Fransa’da yaşayan Çinli yazar ve sinemacı Dai Sijie’nin yine kendisi tarafından filmi de çekilen ilk romanı. “Kültür Devrimi” sırasında bir dağ köyünde “yeniden eğitim” gören iki gencin ve orada tanıştıkları bir terzi kızın hikâyesini anlatan roman, kısmen yazarın kendi hayatından esinlenirken (1971 – 1974 yılları arasında yazar da “yeniden eğitim” programının kapsamındaymış) ve Çin’de o tarihte yaşananları ele alırken, asıl olarak edebiyatın evrenselliği ve insanları dönüştürme gücü üzerine sözler söyleyen bir kitap olarak dikkat çekiyor.
“Kültür Devrimi” 1966 ile 1976 yılları arasında Çin’de gerçekleşen ve Mao’nun gerçek komünizmi topluma yaymak, toplumdaki kapitalizm ve burjuva unsurlarını yok etmek hedefleri doğrultusunda gerçekleştirilen bir hareketti ve bu hareket kapsamında milyonlarca kişi hapsetme, toplum önünde aşağılama, işkence gibi cezalara uğrarken, entelektüeller ve özellikle gençler “yeniden eğitim” adı altında Çin’in kırsal bölgelerinde yılarca çalışmaya zorlanmıştı. Ülkeyi sosyal ve ekonomik açıdan uzun süre boyunca olumsuz etkileyen bu dönemde kimi tarihi ve dini eserler de yok edilmiş ve Batı kültürünün örnekleri, örneğin kitaplar da ortadan kaldırılmıştı. Dai Sijie’nin işte bu dönemde geçen hikâyesi iki genci ve köylü bir terzi kızı odağına alarak bir yandan iktidarın politikalarının bireylerin hayatları üzerindeki acımasız etkilerini anlatıyor ve diğer yandan da ilk aşk ve edebiyatın (daha doğrusu genel olarak sanatın) anlamı, güzelliği ve gücü üzerine hayli akıcı bir hikâye anlatıyor okuyucuya. Kitap bunun yanısıra, genel olarak “hikâye anlatma” üzerine de epey dokunaklı şeyler söylüyor. İki gencin seyrettikleri bir filmi veya okudukları bir romanı terzi kıza ve köy halkına anlatmaları, “devrimci olmayan” sanatın yasaklı olduğu bir dönemin fon olarak alındığını da düşününce, hayli etkileyici. Kitapta adı geçen eserlere (Ursule Mirouët, Goriot Baba, Madame Bovary, Jean-Christophe, Monte Kristo Kontu vs.) aşina olmak kuşkusuz ek bir tat almaya yardımcı olacaktır ama edebiyat sevgisini satırlarında güçlü bir biçimde duyuran kitabı sevmeye engel değil aksi bir durum.

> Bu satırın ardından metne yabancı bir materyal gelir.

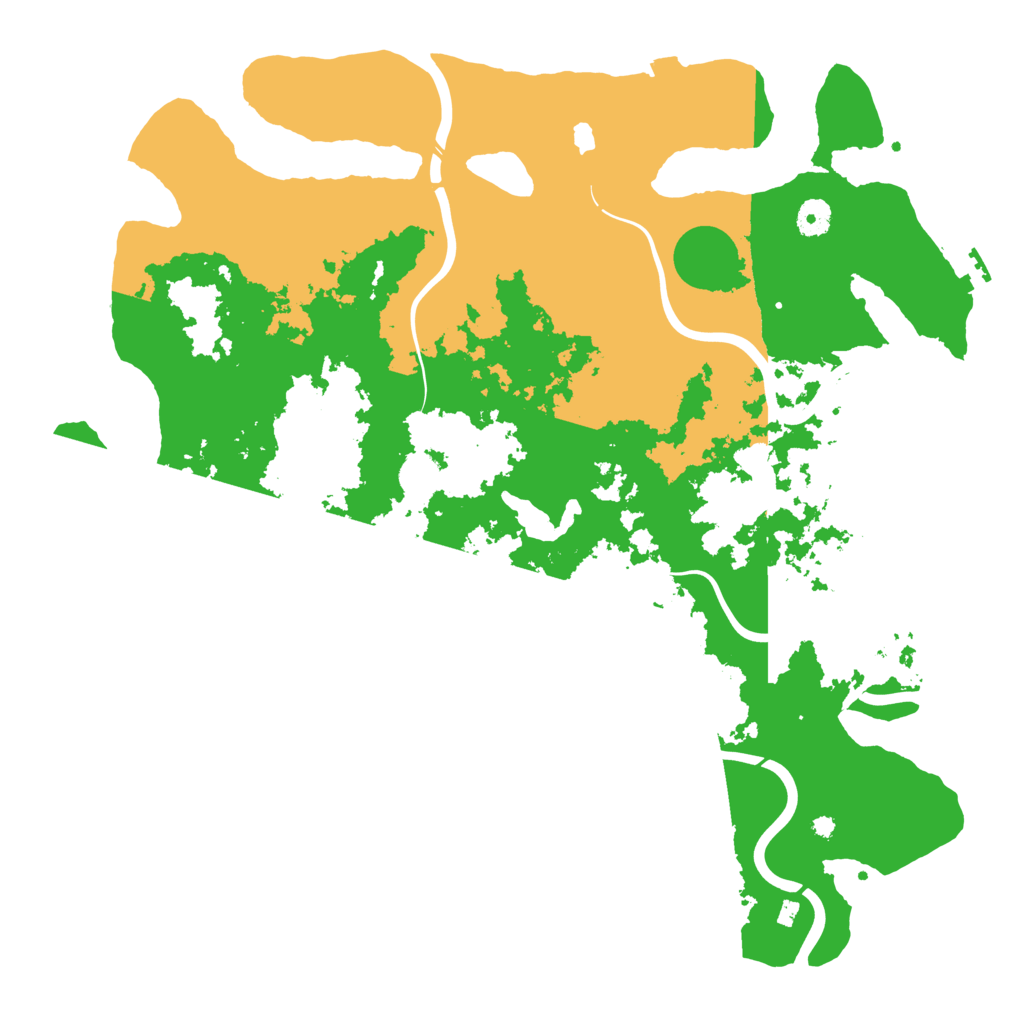 Biome Rust Map: Procedural Map, Size: 4269, Seed: 2147483647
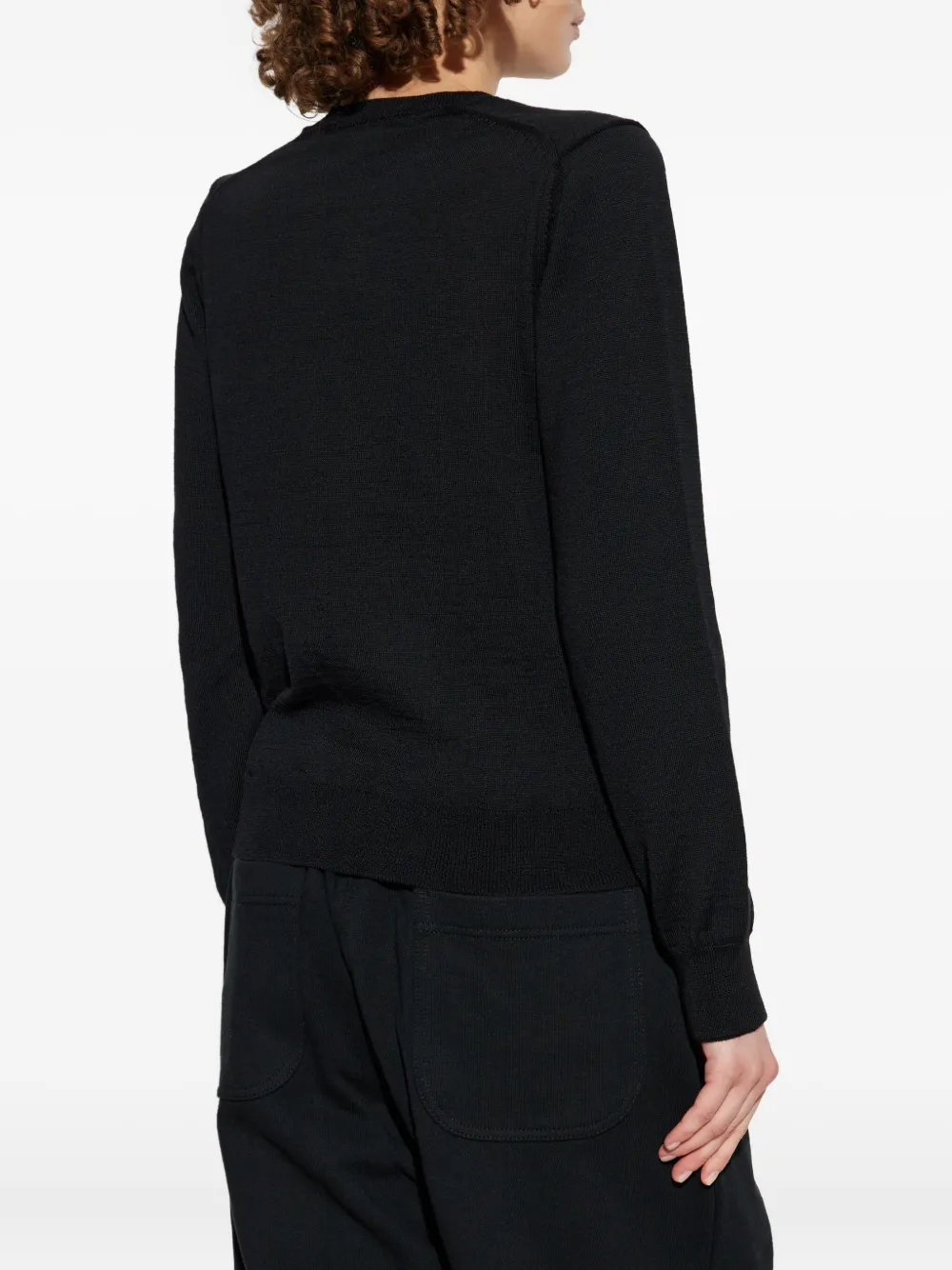 Comme Des Garçons Crew Neck Sweater In Black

Kitabın ilginç özelliklerinden biri trajik bir dönemde geçmesine rağmen (ve belki tam da bu nedenle) ve olayların gelişimi her an bizi bir kötü sonuca götürecekmiş gibi olsa da bunun hiç gerçekleşmiyor olması. Öyle ki okuduğunuz bir satır hemen sonrasında bir trajik olay “beklentisi” yaratıyor ama gerçekleşmiyor bu durum. Yazarın umudu bir şekilde ayakta tutma arzusunun da bu tercihte rolü olduğunu düşünüyorum. Biri kitabın anlatıcısı olan iki gencin tanıştıkları ve basit bir dağlı olarak gördükleri terzi kızı kitaplar aracılığı ile değiştirme/geliştirme çabası romanın ana dertlerinden biri ama bunun finale rağmen yeterince güçlü anlatıldığını söylemek bir parça zor sanki. “Dedi ki, Balzac onun bir şeyi anlamasını sağlamış: bir kadının güzelliği, değer biçilemez bir hazinedir” sözleri ile bitse de kitap, burası bir parça eksik kalmış gibi.
Hastanede geçen bölümler ve edebiyat sevgisi ile taşan satırları başta olmak üzere pek çok çekici yanı olan roman akıcı kurgusu ve dili sayesinde rahatça okunan bir kitap. İdeolojisi ne olursa olsun, insanı bireyselliğinden ve insanlık tarihinin birikimlerinden mutlak bir şekilde uzak tutan tüm rejimlerin acımasızlığını hatırlatması ile de önemli.